TASK TO COMPLETE = Copy word for word the lines from the start of the records through the line that contains "Sommer Köln 2024: Das", both included.

EXERCISE DATA =

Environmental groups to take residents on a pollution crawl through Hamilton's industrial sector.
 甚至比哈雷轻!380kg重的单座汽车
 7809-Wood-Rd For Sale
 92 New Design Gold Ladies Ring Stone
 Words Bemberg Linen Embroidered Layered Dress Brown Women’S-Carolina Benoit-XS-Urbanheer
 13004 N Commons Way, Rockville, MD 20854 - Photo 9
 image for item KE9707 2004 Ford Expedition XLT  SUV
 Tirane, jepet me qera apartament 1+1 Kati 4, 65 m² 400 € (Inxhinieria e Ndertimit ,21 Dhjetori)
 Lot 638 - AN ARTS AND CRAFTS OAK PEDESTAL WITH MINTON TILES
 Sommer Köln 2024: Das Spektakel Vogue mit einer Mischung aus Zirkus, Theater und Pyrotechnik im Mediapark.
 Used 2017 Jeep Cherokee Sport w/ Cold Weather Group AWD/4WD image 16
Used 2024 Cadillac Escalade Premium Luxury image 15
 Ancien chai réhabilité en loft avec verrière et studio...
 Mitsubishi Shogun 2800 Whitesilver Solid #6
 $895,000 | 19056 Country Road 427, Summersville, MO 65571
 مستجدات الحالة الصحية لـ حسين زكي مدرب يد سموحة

TASK OUTPUT =
Environmental groups to take residents on a pollution crawl through Hamilton's industrial sector.
 甚至比哈雷轻!380kg重的单座汽车
 7809-Wood-Rd For Sale
 92 New Design Gold Ladies Ring Stone
 Words Bemberg Linen Embroidered Layered Dress Brown Women’S-Carolina Benoit-XS-Urbanheer
 13004 N Commons Way, Rockville, MD 20854 - Photo 9
 image for item KE9707 2004 Ford Expedition XLT  SUV
 Tirane, jepet me qera apartament 1+1 Kati 4, 65 m² 400 € (Inxhinieria e Ndertimit ,21 Dhjetori)
 Lot 638 - AN ARTS AND CRAFTS OAK PEDESTAL WITH MINTON TILES
 Sommer Köln 2024: Das Spektakel Vogue mit einer Mischung aus Zirkus, Theater und Pyrotechnik im Mediapark.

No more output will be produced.